Here's the finished product next to the old one, and then by itself.









Here are all three girls partaking. You can see that Big Bertha has already anointed the new box. She did this within minutes of climbing in. They've been using it for around a week now and its well broken in. You can see the power cord coming in and my thermostat and temp probe hanging against the back wall. I've also installed an inline electricity meter and I'm going to compare the electricity usage of this 600 watt heater that's rarely on verses the three 72 watt heat mats that were almost always on. I've installed the heat mats because that is what they are used to sleeping on and I want them to feel as comfortable in the new box as possible, but they aren't plugged in. As a side benefit, they protect my wood floor from the always destructive sulcata feet and poo.





Here is a pic from tonight, after the sun went down. They are all going in and out on their own. Words cannot express what a relief that is. Try carrying a 66 pound, unhappy, struggling sulcata for 50 yards sometime. Try doing it every night. No fun. For those deciding whether or not to delve into the wonderful world of sulcatas, that's only about three days of sh** on my brand new floor there, just so you know. I'm assuming the loose stuff is from the recent pumpkin influx. Good times.


----------



## onarock (Nov 9, 2010)

tom where do you get your flexwatt?


----------



## Tom (Nov 9, 2010)

onarock said:


> tom where do you get your flexwatt?



What flexwatt?


----------



## onarock (Nov 10, 2010)

Tom said:


> onarock said:
> 
> 
> > tom where do you get your flexwatt?
> ...



yeah, was that a roll of flexwatt heat tape on the table in one of those pics?


----------



## Tom (Nov 10, 2010)

onarock said:


> Tom said:
> 
> 
> > onarock said:
> ...



Oh no.

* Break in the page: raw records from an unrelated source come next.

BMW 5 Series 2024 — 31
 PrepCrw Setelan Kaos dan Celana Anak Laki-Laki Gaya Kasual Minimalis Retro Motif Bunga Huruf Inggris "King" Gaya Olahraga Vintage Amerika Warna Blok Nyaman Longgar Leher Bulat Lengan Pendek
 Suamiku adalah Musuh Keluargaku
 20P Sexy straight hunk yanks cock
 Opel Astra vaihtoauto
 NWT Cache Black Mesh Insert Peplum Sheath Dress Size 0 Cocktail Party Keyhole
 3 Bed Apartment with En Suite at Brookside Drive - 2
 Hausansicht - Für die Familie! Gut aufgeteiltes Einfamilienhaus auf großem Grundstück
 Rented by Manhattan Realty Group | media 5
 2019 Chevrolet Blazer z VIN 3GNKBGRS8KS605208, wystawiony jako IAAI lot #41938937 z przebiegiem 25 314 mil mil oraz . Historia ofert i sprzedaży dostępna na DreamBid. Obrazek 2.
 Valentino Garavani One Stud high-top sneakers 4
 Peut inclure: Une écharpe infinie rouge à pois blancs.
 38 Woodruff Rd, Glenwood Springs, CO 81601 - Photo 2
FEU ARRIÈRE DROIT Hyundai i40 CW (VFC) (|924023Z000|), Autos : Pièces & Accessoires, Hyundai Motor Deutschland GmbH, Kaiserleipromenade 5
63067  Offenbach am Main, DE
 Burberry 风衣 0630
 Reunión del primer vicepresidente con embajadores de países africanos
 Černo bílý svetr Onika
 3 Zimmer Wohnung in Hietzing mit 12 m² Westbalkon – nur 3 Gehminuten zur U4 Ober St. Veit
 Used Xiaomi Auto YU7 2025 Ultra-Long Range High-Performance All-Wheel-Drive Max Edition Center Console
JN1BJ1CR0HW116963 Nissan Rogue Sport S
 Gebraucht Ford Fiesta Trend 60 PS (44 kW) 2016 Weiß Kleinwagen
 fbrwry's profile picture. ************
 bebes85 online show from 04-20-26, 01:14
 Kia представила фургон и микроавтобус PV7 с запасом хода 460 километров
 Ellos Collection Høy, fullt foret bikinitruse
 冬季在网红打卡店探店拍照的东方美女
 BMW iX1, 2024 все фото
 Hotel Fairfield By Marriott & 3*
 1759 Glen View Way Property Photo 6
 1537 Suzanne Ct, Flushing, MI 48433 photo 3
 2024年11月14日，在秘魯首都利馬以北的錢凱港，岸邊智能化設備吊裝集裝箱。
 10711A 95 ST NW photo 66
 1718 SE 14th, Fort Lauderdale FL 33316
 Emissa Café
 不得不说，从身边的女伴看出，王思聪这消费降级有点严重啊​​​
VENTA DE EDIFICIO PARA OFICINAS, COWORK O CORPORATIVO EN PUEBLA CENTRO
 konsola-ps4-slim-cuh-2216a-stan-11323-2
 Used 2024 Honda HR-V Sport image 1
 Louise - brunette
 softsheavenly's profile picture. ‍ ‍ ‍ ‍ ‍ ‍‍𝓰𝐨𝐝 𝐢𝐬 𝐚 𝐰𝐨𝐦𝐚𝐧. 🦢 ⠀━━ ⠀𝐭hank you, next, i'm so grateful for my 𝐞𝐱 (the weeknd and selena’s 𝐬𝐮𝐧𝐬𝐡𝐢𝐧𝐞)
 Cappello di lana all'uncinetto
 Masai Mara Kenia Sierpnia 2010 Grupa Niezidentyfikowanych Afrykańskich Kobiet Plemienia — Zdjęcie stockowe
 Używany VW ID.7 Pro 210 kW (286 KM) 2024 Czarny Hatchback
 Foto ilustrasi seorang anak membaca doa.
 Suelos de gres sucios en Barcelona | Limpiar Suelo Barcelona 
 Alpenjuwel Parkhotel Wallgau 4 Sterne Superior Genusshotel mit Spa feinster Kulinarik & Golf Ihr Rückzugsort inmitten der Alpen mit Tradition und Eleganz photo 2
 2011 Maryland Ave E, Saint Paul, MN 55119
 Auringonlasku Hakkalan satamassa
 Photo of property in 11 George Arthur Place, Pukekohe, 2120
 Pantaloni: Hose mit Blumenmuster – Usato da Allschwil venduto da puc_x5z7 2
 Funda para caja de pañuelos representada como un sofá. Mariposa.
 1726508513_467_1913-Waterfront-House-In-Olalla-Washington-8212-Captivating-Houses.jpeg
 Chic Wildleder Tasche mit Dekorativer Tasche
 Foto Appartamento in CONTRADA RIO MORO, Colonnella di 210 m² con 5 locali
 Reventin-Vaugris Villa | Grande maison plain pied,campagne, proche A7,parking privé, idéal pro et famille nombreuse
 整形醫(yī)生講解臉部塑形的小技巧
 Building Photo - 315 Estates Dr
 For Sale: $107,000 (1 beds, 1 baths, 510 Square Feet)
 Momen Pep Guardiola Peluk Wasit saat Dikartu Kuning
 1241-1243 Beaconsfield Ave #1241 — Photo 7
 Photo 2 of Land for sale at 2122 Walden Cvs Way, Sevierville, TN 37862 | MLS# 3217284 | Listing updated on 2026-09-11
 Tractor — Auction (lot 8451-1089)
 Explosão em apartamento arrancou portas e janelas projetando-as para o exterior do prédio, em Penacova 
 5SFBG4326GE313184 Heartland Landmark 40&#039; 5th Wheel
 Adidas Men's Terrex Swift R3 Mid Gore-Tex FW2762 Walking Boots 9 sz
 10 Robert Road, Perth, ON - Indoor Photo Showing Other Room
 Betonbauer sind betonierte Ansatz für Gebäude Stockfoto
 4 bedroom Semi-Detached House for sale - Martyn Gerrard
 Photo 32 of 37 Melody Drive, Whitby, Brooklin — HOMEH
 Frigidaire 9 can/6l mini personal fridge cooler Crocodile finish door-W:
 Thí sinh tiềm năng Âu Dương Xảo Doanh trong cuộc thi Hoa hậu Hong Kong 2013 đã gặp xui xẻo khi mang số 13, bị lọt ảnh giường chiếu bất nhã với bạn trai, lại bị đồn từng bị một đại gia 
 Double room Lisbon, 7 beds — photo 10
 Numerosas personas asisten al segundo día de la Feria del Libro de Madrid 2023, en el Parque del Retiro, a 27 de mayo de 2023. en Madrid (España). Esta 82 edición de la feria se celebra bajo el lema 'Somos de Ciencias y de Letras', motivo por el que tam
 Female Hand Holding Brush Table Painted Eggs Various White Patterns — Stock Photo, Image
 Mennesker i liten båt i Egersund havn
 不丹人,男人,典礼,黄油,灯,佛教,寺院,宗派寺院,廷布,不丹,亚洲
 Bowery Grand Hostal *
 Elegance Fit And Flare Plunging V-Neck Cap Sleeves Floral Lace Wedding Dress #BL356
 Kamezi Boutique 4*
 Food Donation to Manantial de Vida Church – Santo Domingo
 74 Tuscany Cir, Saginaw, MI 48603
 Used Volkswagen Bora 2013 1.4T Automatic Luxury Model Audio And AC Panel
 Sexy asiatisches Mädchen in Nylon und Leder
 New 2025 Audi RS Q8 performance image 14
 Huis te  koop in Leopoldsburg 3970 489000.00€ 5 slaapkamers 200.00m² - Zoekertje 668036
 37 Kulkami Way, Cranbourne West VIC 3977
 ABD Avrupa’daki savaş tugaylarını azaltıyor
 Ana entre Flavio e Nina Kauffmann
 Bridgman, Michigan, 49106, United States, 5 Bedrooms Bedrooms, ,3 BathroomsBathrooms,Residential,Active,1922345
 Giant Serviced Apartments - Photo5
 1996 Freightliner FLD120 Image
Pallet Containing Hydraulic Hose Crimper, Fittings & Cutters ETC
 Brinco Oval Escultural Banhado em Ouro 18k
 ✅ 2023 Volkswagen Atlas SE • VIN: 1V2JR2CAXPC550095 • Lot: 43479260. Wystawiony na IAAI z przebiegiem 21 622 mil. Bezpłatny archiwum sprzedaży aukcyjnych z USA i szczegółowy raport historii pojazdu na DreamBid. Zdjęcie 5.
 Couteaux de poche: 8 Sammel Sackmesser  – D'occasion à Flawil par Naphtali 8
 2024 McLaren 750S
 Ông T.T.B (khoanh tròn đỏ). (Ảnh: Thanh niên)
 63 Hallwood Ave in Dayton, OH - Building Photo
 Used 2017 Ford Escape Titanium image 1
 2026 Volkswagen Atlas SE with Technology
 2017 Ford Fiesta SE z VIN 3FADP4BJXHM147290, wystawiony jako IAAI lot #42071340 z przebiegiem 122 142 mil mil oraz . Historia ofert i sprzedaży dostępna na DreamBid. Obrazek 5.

That was a roll of vinyl flap material. Its the same stuff they use in commercial freezers to keep the cold air in. I used it to make overlapping door flaps to hold the heat in and keep the cold out. It works really well. I guess you don't have much need for insulating door flaps over there in HI, huh? I'm sure jealous. I love tropical weather. I got the roll of vinyl from a very nice lady here on the forum. Thank you very nice lady. I'm putting it to good use.


----------



## Sweetness_bug (Nov 10, 2010)

This is awsome! I love it. I wish i was that handy. Power tools and me are not friends LOL...Looks great!


----------



## Yvonne G (Nov 10, 2010)

Very nice, Tom. If you mount your heat mats on 2x4's you can add substrate to the floor. The 2x4's raise the mat up a bit and the substrate stays off them. I've had to add substrate to my Aldab's shed because they pee a lot in there and I had no way to get the pee off the floor (a 4x4 blocks the doorway so I can't sweep it out).

So just the girls use the shed? I'm curious why all the torts don't live together.


----------



## J. Ellis (Nov 10, 2010)

Very nice Tom! I will be adding this, like the majoirty of your other posts, to my "favorites". 

I wonder if you were to use a sealant on the inside of the box if it would make it easier to clean, and possibly able to be preasure washed without the risk of damaging the wood?


----------



## Stephanie Logan (Nov 10, 2010)

Wow, that is impressive. Your tortoises are lucky girls indeed. 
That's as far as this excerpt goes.